LangChain RAG Pipeline: Build and Deploy in Production (2026)

LangChain’s Retrieval Augmented Generation (RAG) pipeline isn’t just about stuffing documents into a vector database; it’s about dynamically querying that database to fetch relevant context for a large language model (LLM) to answer questions.

Let’s see it in action.

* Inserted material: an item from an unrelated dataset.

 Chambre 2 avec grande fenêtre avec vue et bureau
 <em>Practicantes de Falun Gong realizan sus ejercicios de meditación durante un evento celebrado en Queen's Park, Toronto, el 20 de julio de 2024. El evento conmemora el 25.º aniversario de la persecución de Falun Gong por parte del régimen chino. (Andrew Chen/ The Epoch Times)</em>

Imagine you have a collection of product manuals and you want to build a chatbot that can answer user questions about them.

from langchain_community.document_loaders import DirectoryLoader
from langchain_text_splitters import RecursiveCharacterTextSplitter
from langchain_community.embeddings import OpenAIEmbeddings
from langchain_community.vectorstores import Chroma
from langchain_community.llms import OpenAI
from langchain_core.runnables import RunnablePassthrough
from langchain_core.prompts import ChatPromptTemplate
from langchain.schema import StrOutputParser

# 1. Load Documents
loader = DirectoryLoader('./product_manuals/', glob="**/*.txt")
documents = loader.load()

# 2. Split Documents
text_splitter = RecursiveCharacterTextSplitter(chunk_size=1000, chunk_overlap=200)
docs = text_splitter.split_documents(documents)

# 3. Create Embeddings and Vector Store
embeddings = OpenAIEmbeddings()
vectorstore = Chroma.from_documents(docs, embeddings, persist_directory="./chroma_db")
retriever = vectorstore.as_retriever()

# 4. Set up the LLM and Prompt
llm = OpenAI(model_name="gpt-3.5-turbo-instruct") # Example LLM
prompt = ChatPromptTemplate.from_template("""
Answer the question based only on the following context:
{context}

Question: {question}
""")

# 5. Build the RAG Chain
rag_chain = (
    {"context": retriever, "question": RunnablePassthrough()}
    | prompt
    | llm
    | StrOutputParser()
)

# 6. Query the Chain
question = "How do I reset the device to factory settings?"
answer = rag_chain.invoke(question)
print(answer)

This code does several things: it loads text files from a directory, breaks them into manageable chunks, creates numerical representations (embeddings) of these chunks using an LLM provider, and stores them in a vector database (Chroma). When you ask a question, it first finds the most semantically similar document chunks from the vector database (retrieval) and then feeds these chunks, along with your question, to another LLM to generate a coherent answer (generation).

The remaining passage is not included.